### DATASET CONTENT:
+++

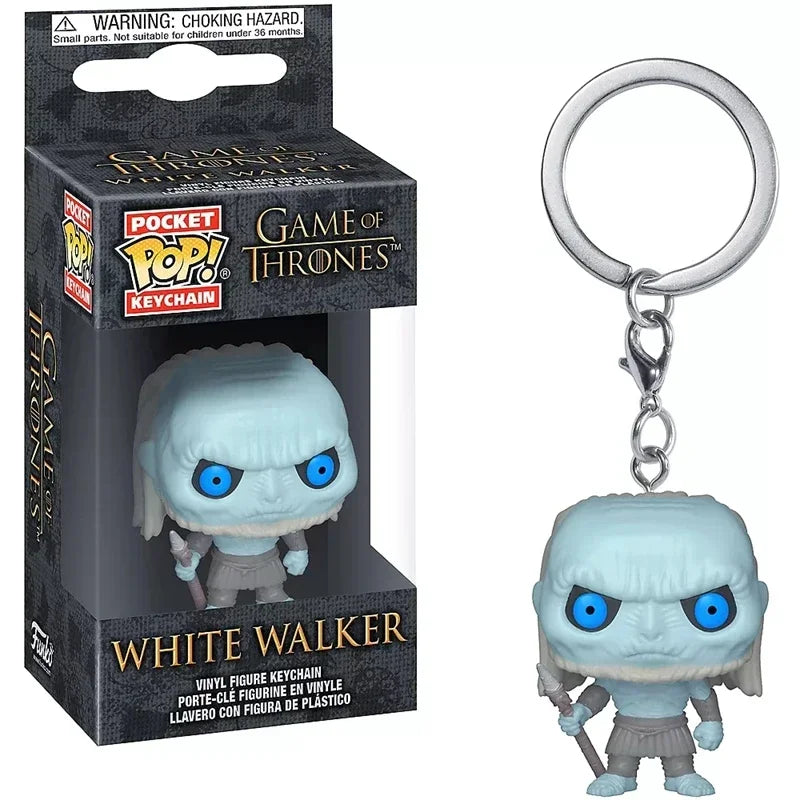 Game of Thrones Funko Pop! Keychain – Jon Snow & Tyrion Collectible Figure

+++

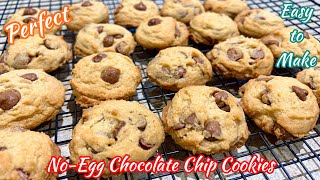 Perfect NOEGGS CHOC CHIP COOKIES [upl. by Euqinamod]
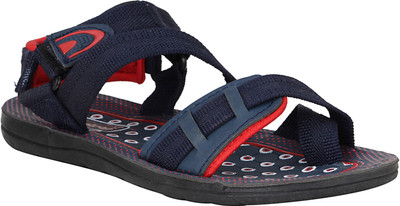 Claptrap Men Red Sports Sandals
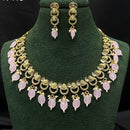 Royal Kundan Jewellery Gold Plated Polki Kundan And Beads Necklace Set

+++

### WORK INSTRUCTION:
Give back exactly the lines of the listing above from the one that contains "Perfect NOEGGS CHOC" up to and including the one that contains "Royal Kundan Jewellery", but not the pictures, and no other lines.

### EXERCISE ANSWER:
 Perfect NOEGGS CHOC CHIP COOKIES [upl. by Euqinamod]
 Claptrap Men Red Sports Sandals
 Royal Kundan Jewellery Gold Plated Polki Kundan And Beads Necklace Set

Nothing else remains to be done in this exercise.